Review by Neil Young of Jigsaw Lounge:
First of the four film-makers, taken in alphabetical order, is Diao Yin’an, born in Xi’an, Shaanxi province, China, in 1969. A director, screenwriter and sometime actor, Diao graduated from the Central Academy of Drama in 1991 and has made two films so far, both of them premiering at the prestigious Un Certain Regard section of Cannes. The first, Uniform (Zhifu, 2003), was only a moderately promising debut, but his latest release Night Train (Ye che) confirms him as one of the more talented in a particularly large crop of young and young-ish Chinese directors – alongside Li Yang (Blind Mountain), Ying Liang (The Other Half) and Peng (Little Moth).

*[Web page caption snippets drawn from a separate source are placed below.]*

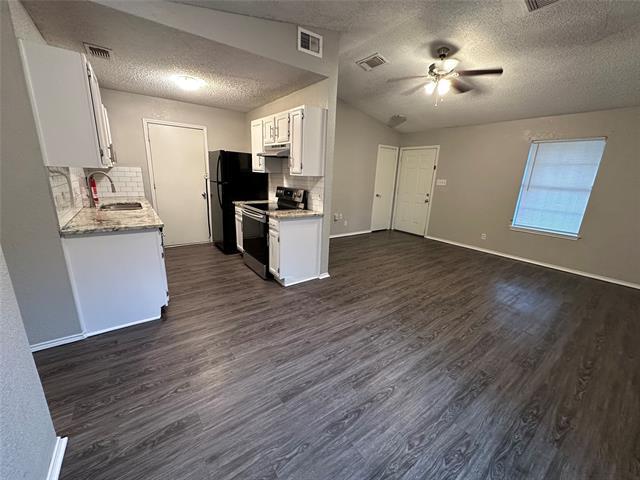 Foto del edificio - 1459 Woodhall Ct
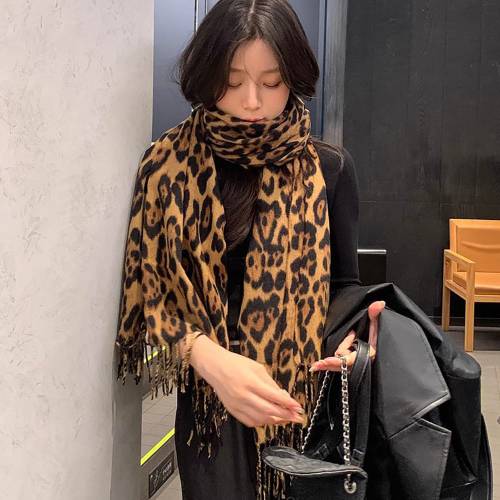 미즈큐즈 / 레오파드 패턴 머플러 숄 프린지 목도리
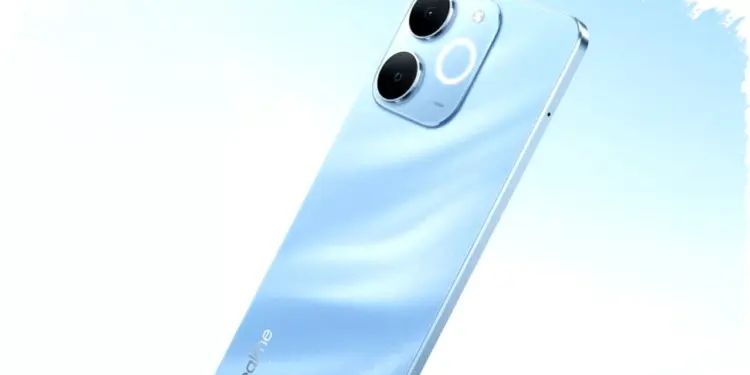 Bocoran desain bodi belakang realme P4 Lite 4G warna biru muda dengan tekstur gelombang yang elegan.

The majority of these film-makers operate “underground”, i.e. they choosing not to run their work past the state’s censorship bodies. The chief consequence of this is that their movies can’t be shown within China itself, but instead obtain exhibition – and, in many instances, considerable acclaim – on the global film-festival circuit.

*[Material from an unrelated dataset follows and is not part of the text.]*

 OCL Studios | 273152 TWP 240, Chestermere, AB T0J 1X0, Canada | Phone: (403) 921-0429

Night Train was made with financial help from France and the USA, and while its budget can’t have been more than modest, the results (shot by cinematographer Jingsong Dong, whose sole previous credit is Uniform) look at least as impressive as many expensive productions from Hollywood or European studios. Not that the visuals could ever be described as picturesque or pretty: the action is set in particularly grim and grimy corners of western, heavily-industrial China.
This is the suitably dour backdrop for the unsentimental tale of Wu (Dan Liu), a woman in her early thirties who works as a court bailiff. Her duties occasionally encompass executions – the Chinese government remains one of the last holdouts of, and most enthusiastic supporters of, capital punishment. Among her ‘victims’ is a young woman whose bereaved boyfriend, stunned by grief, tracks Wu down – setting up what becomes a most unusual, ambiguous and enthralling kind of ‘relationship.’

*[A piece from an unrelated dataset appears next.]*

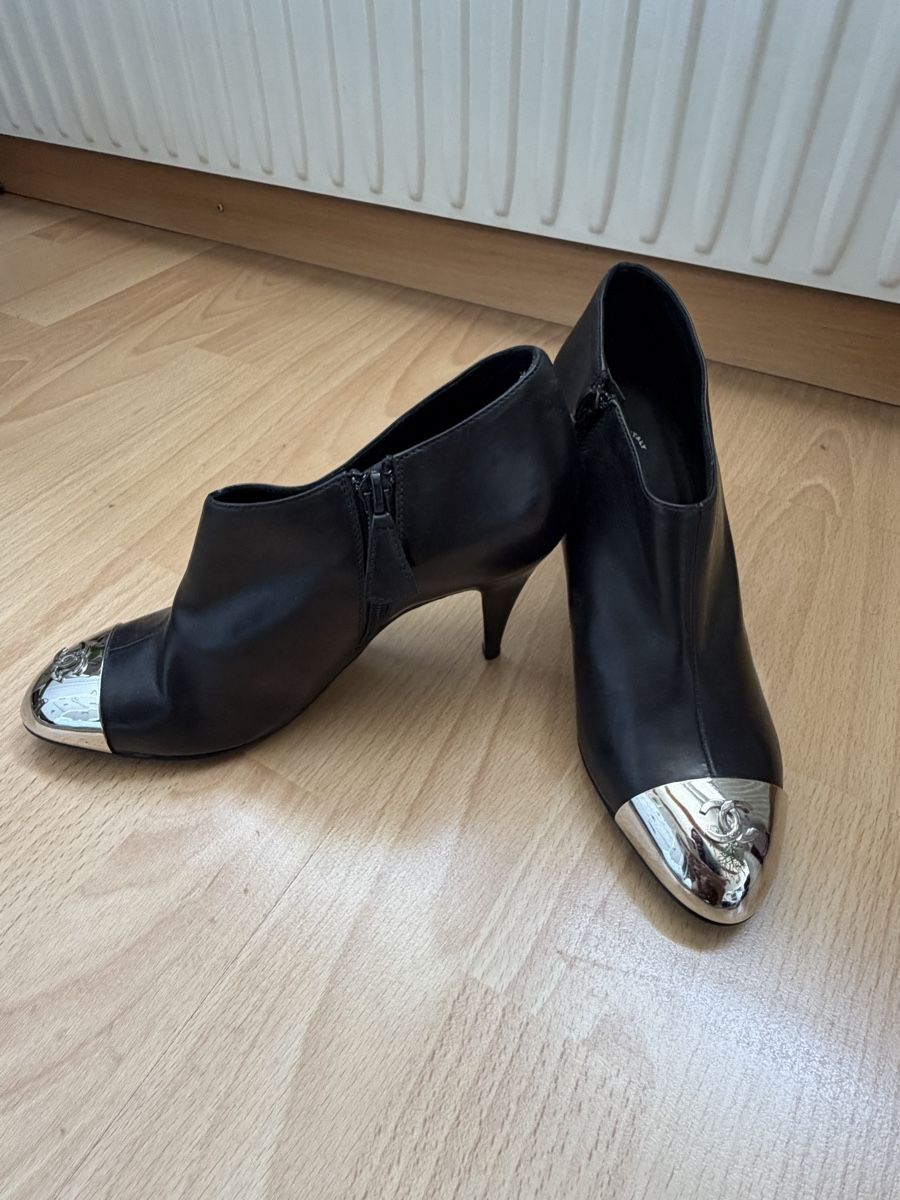 Chanel Scarpe da donna: Chanel Leather Boot Heels – Usato da St.Josefen venduto da lop_lh8d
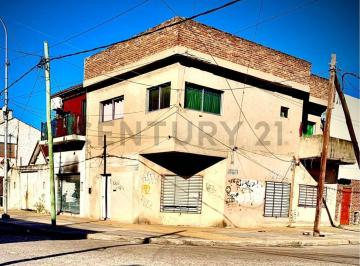 Oficina comercial · 110m² · 2 Ambientes · 1 Cochera · Venta en Bloque en Lanús Oeste – Ideal Inversores o Dos Familias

According to Diao, “I’ve been having this recurrent dream, in which I’m sentenced to death for no particular reason. I admit that I fear death… and wish I had a brave heart. There came the idea for this film.” He plunges us straight into the chilly world of his lovelorn protagonist, somehow maintaining a mood that’s relentlessly sombre and even icy without ever becoming either gloomy or morbid as the story builds to a climax of truly startling intensity. Blessed with rather more plot than many of the current ‘artistic’ Chinese underground features, Night Train has an outside shot at UK distribution – catch it when, and if, you can.